A dashboard for an individual sales representative in Einstein Forecasting. (Salesforce Photo)

When making business plans, the accuracy of your sales forecasting can make or break companies and careers. Salesforce thinks it has found a way to improve forecasting accuracy in its Einstein Sales Cloud product with everyone’s go-to tool of late, artificial intelligence.

The company will introduce Einstein Forecasting on Tuesday, the one-year anniversary of its Einstein AI push to use machine learning on customer data in hopes of unlocking a deeper understanding of that data. The new product is aimed at sales managers who carefully weigh their pipelines and prospects in clunky spreadsheets only to make precarious forecasts, said Lynne Zaledonis, vice president of product marketing for Einstein Sales Cloud.

Einstein Forecasting “allows business leaders, sales leaders, to be able to make company decisions because you have predictive information at hand,” she said.
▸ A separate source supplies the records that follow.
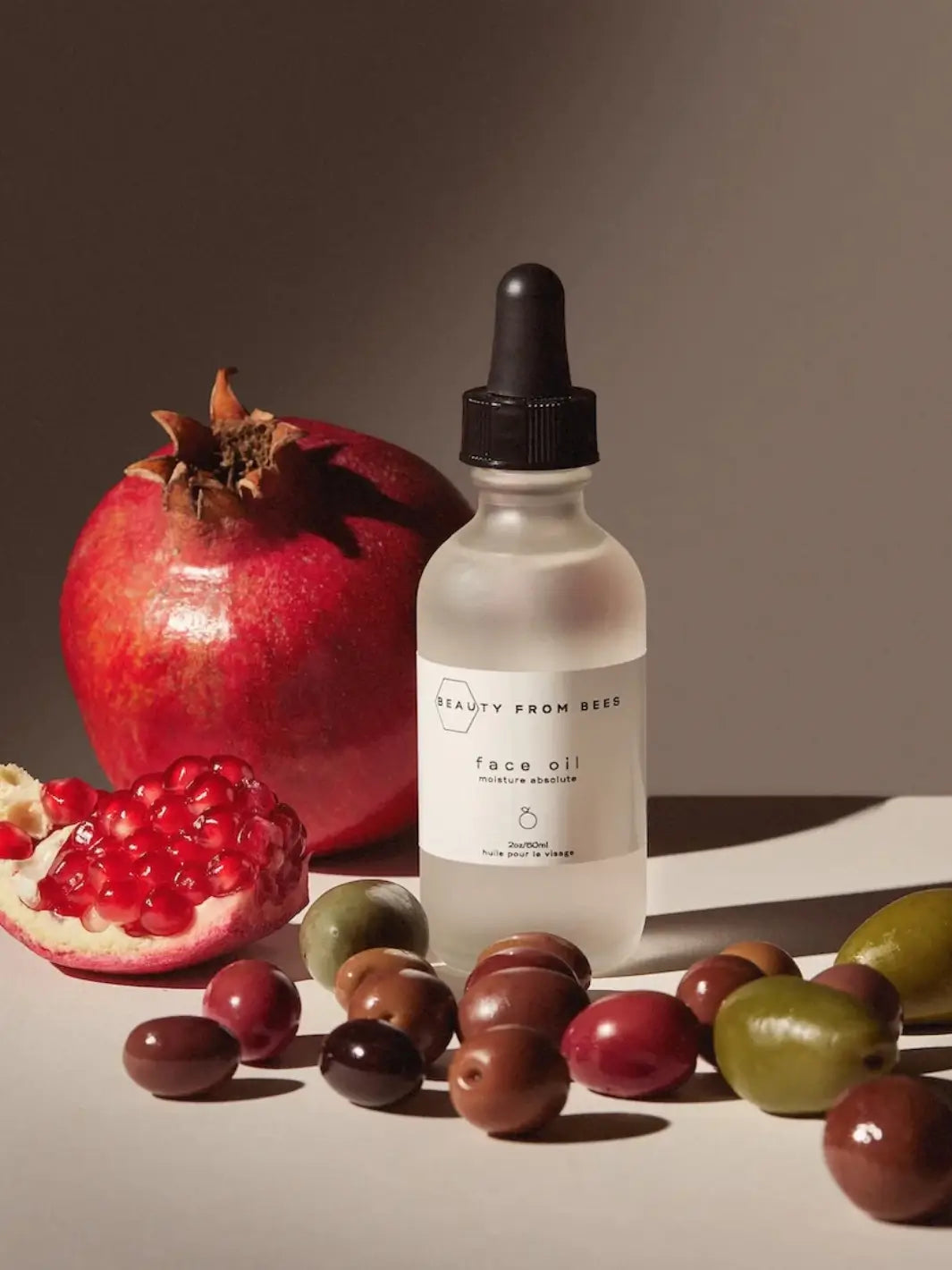 Bottle of face oil by Beauty from Bees with a black dropper surrounded by pomegranates and olives on a neutral background | Twentyseven Toronto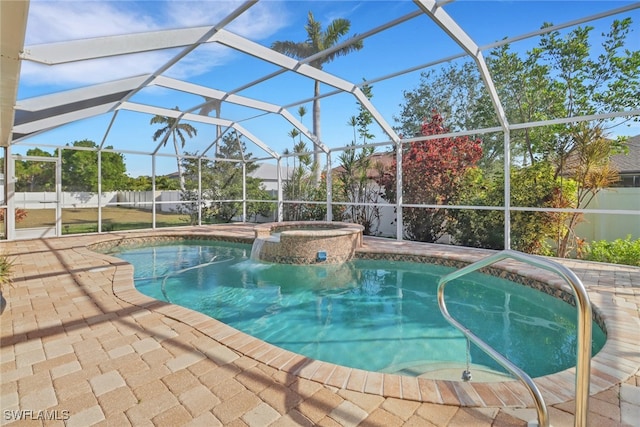 view of swimming pool with a patio area, glass enclosure, and an in ground hot tub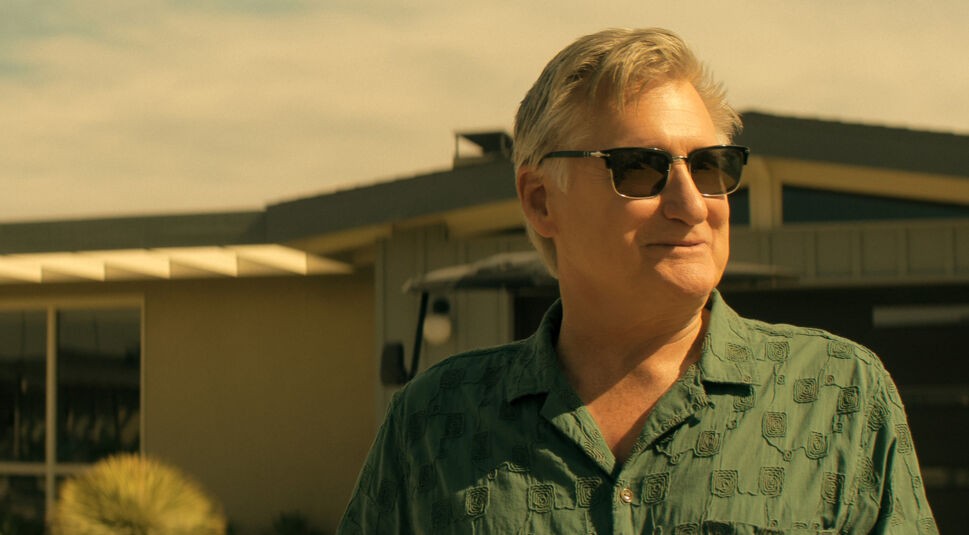 Auf dem Bild zu The Boroughs ist Jack, gespielt von Bill Pullman, in einer sonnigen Außenszene vor einem modernen Gebäude zu sehen. Er trägt eine dunkle Sonnenbrille und ein grünes, gemustertes Kurzarmhemd. Sein Gesichtsausdruck wirkt ruhig und selbstbewusst, während er leicht zur Seite blickt. Die warme Lichtstimmung verleiht der Szene eine entspannte, leicht geheimnisvolle Atmosphäre.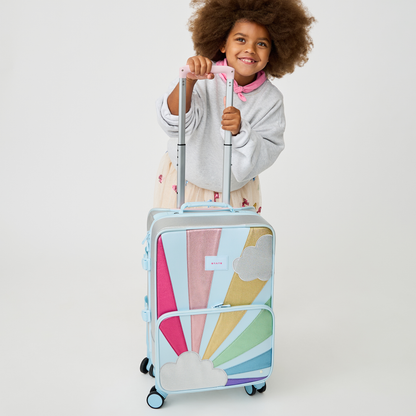 girl with STATE Bags Logan Carry-On Suitcase Rainbow Cloud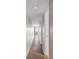 Long hallway with light-colored walls and wood-look floors at 301 N Waccamaw Dr. # 109, Garden City Beach, SC 29576
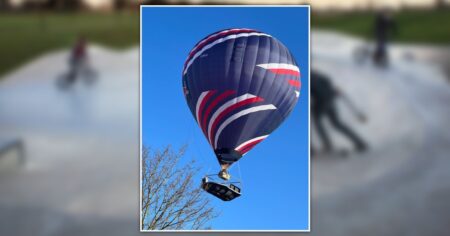 Hot air balloon with ‘suspended skatepark’ seen floating over English countryside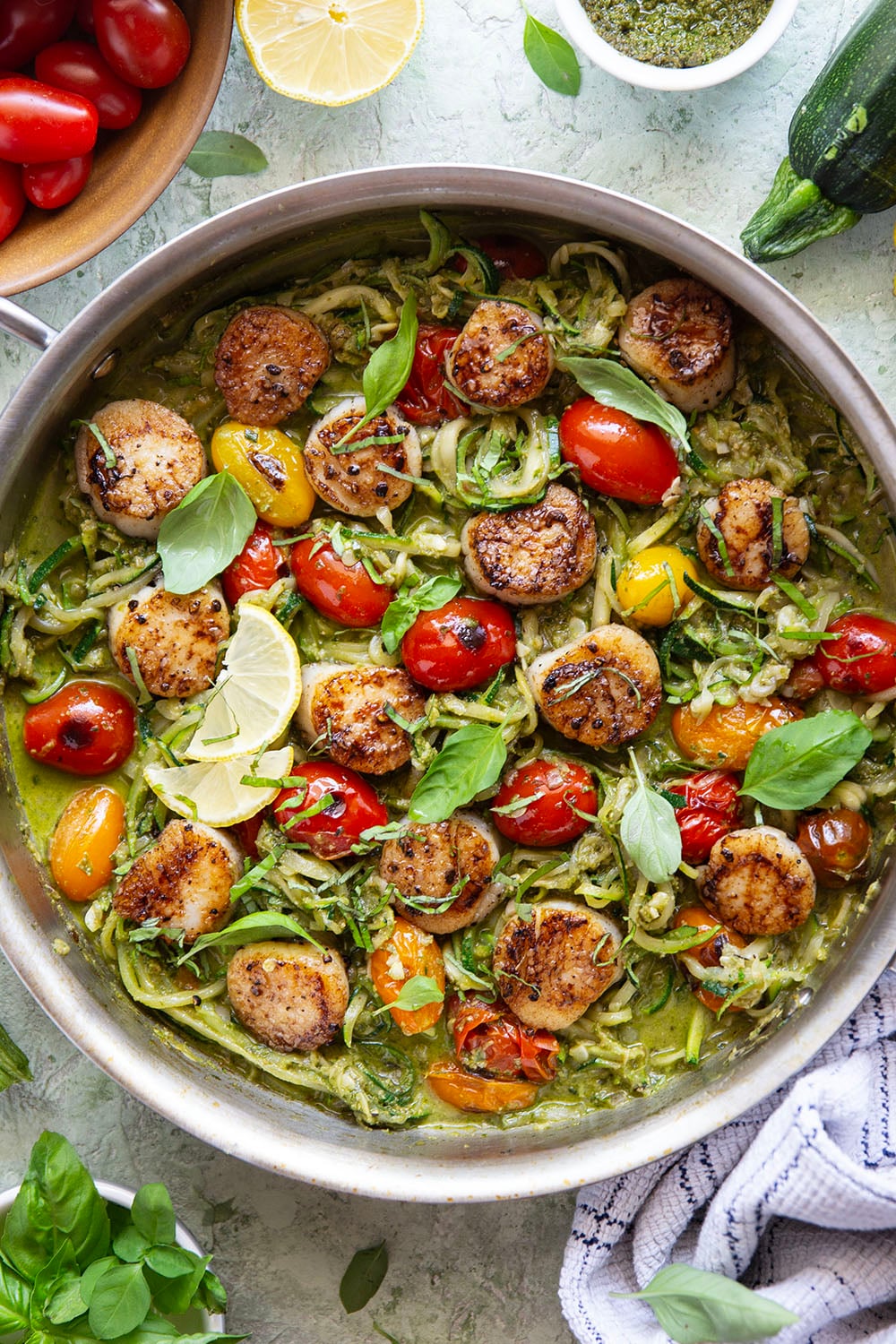 These pesto zucchini noodles come together in minutes with only a handful of summer ingredients and feature lots of flavorful pesto and tender seared scallops on top.
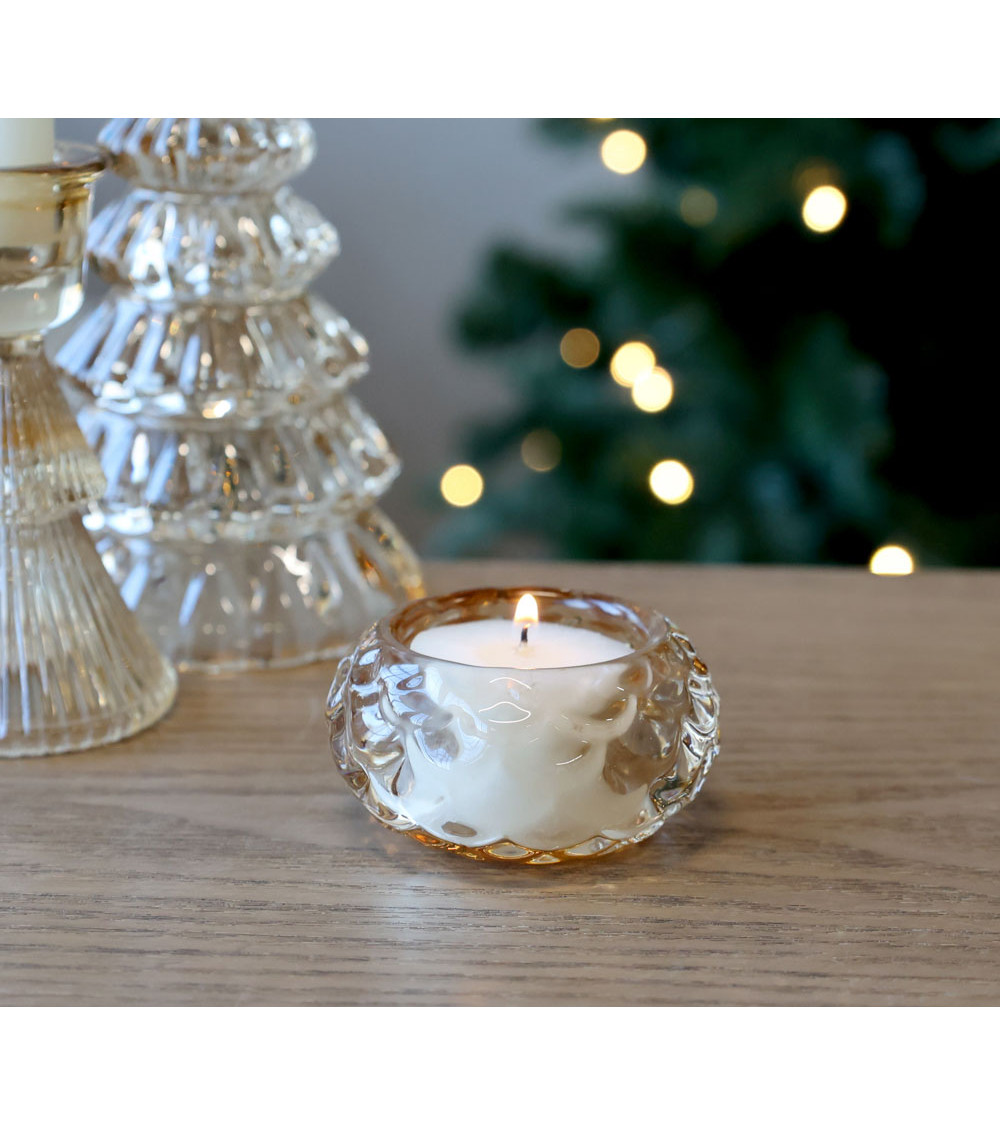 Photophore en verre ambré allumé, ambiance festive.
The technology uses 24 months of trailing sales data to model current sales pipelines for both individual sales representatives and teams, and surfaces that through a dashboard that lets managers detect budding problems before the last two weeks of the quarter.

A sales team dashboard inside Einstein Forecasting. (Salesforce Photo)

Forecasting is part of Sales Cloud Einstein in Salesforce’s flagship customer-relationship management product. Everything Salesforce is announcing today is in pilot format, and won’t become generally available until the first half of next year. Pricing will be disclosed once the products are released.

Salesforce is rolling out two other AI-related services Tuesday. Einstein Opportunity Scoring evaluates individual deals and gives representatives and managers a better idea of which deals to spend their time, Zaledonis said. Einstein Email Insights is an email-sorting service that works with Outlook, Gmail, and mobile email apps to identify emails that should be given higher priority based on historical data.

With just two weeks before rival Oracle’s big downtown San Francisco conference extravaganza (and six weeks before Salesforce Dreamforce), the company also announced a new AI-centered venture fund, earmarking $50 million toward the effort. Salesforce Ventures has already put money into AI startups like Squirro, TalkIQ, All Turtles, and Seattle’s Highspot.